A Concluding Note on Alan Watts and Camp

Likewise, a March 1972 issue of the Toronto-based gay liberation magazine The Body Politic (1971-1987) published Hugh Brewster’s two-page spread on “Counter-notes on Camp” (a play on Susan Sontag’s famous “Notes on Camp”) that seeks to educate readers on the political and aesthetic potential of camp as a type of gay cultural subversion. Brewster (1972) sees the potential in camp to move outside of gender norms through camp performance like drag. This is juxtaposed to a problematic gay “machismo” which seeks to shore up a stable masculine gender identity. The article quotes Watts’ (1970a) essay “Clothes-On and Off”, particularly a passage on homosexuality and machismo:

it is destructive and deadly in those young and unrealized homosexuals who affect machismo (ultra-masculinity) and who constitute the hard core of our military-industrial-police-maha combine.

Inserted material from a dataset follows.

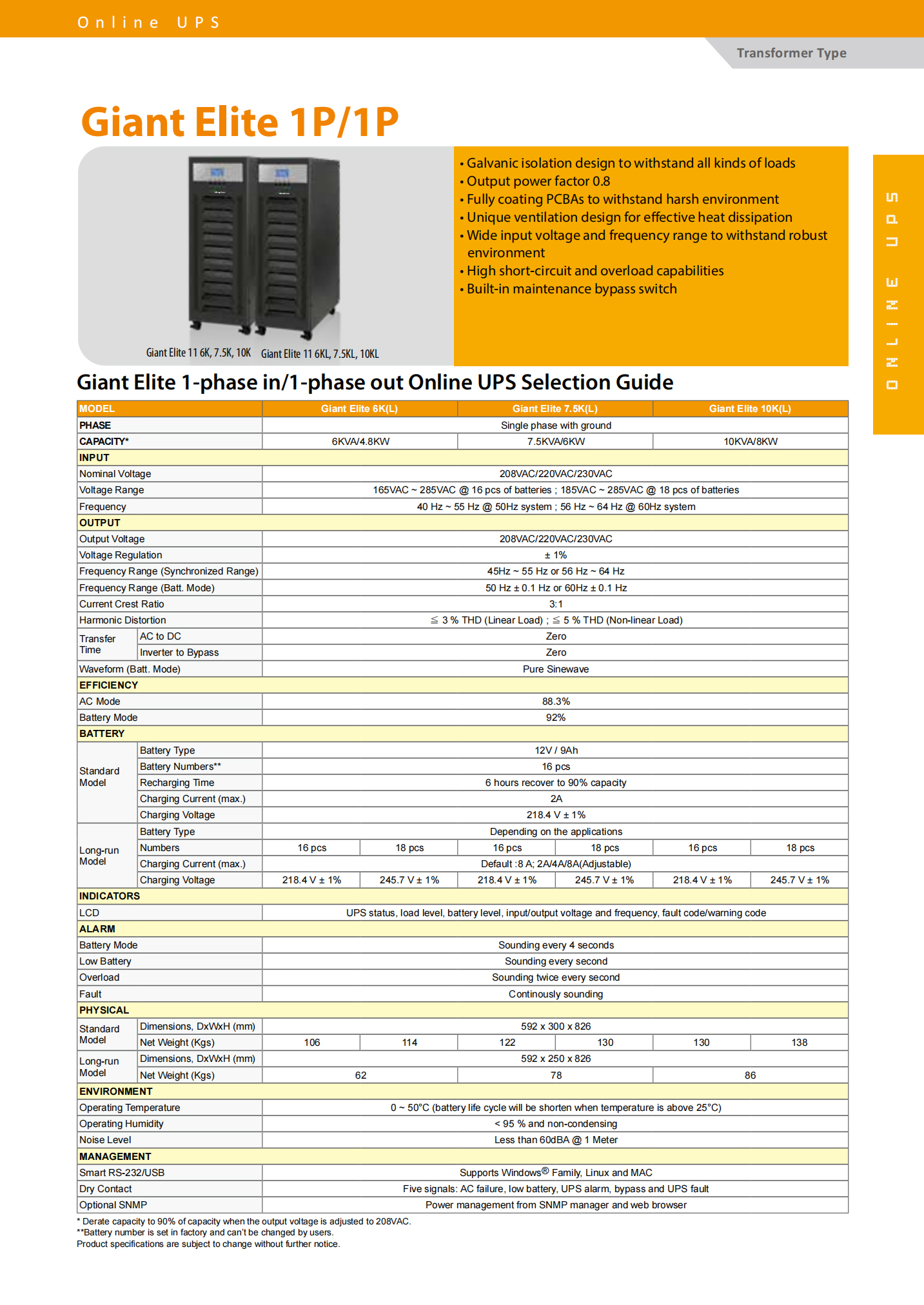 Telecommunications Visench OEM Giant Elite Single Phase UPS 6KVA-10KVA Rated Capacity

If they would go and fuck each other (and I use that work in its most positive and appreciative sense), the world would be vastly improved .... This is, perhaps, the real meaning of the slogan. “Make love, not war.” We may be destroying ourselves through the repression of homosexuality.

(p. 65-66)

The Watts (1970a) quotation in Brewster’s (1972) Body Politic spread is flanked by cartoons of “machismo” types engaging in violence but imagining homosexual sex in thought bubbles, echoing Watts' point that violence is a result of repressed homosexuality. Note, however, that this passage is only a minor aside in Watts’ original essay that focuses on the many social forms, not just gender or sexual orientation, evident in clothing patterns. Yet. for gay liberationist readers, this Watts quotation signals an authoritative justification for camp by showing the consequences of machismo and the liberation of sensibilities that play with both masculine and feminine gender roles.

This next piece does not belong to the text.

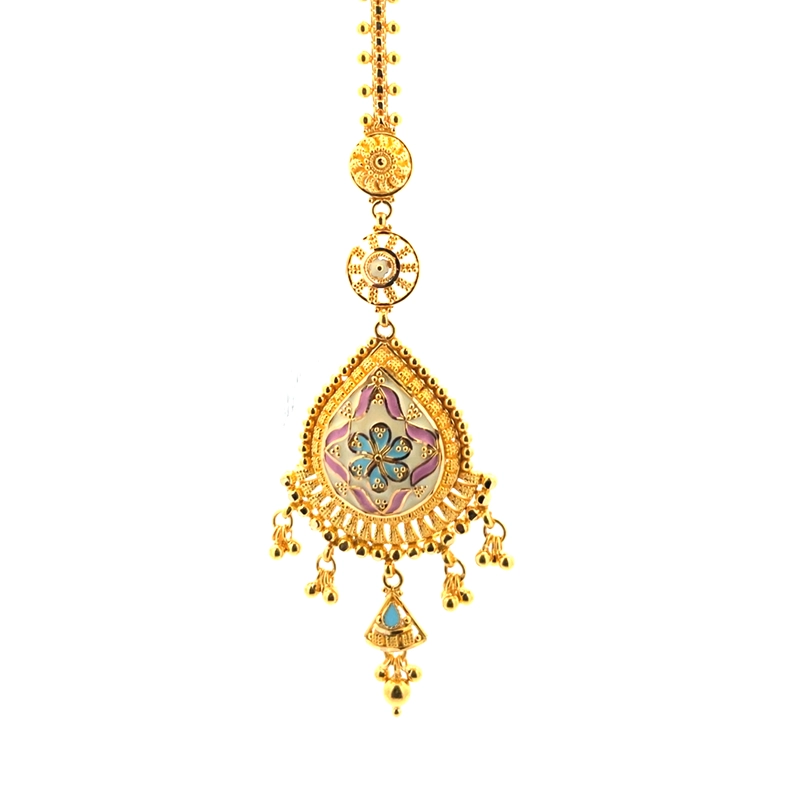 22K Yellow Gold Maang Tikka with Minakari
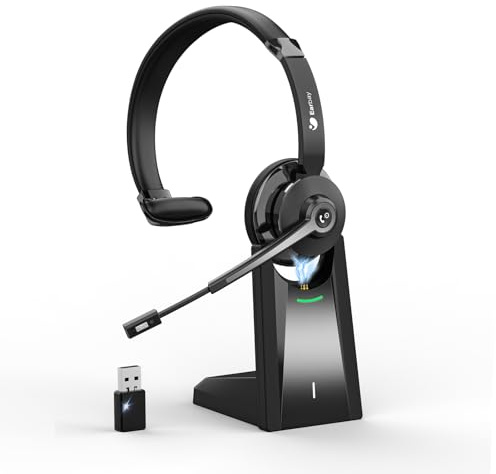 Earbay Headset mit Mikrofon Bluetooth, Kabelloses Headset mit Rauschunterdrückung, inklusive USB-Dongle und praktischer Stummschaltung & Ladestation für Computer/Meeting/Handy/Call Center/Büro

In Brewster’s (1972) piece, Watts shares the spread with images and references to gay camp icons like Marlene Dietrich, Judy Garland, Joan Crawford, and Lana Turner, plus famously camp homosexuals like Oscar Wilde, Jean Genet, Gore Vidal, and Allen Ginsberg. Watts' role here does not so much grant him camp icon status, but it demonstrates how his ideas take on fresh meaning within a new network of reference points.

Camp, Brewster (1972) explains, is “a way of seeing the world as an aesthetic phenomenon, concerned with grace, stylization and artifice” (p.10). It is also, as many queer cultural theorists have pointed out, a way that gay men have taken the elements of heterosexual culture and appropriated them for their own culture-building (Halperin, 2012).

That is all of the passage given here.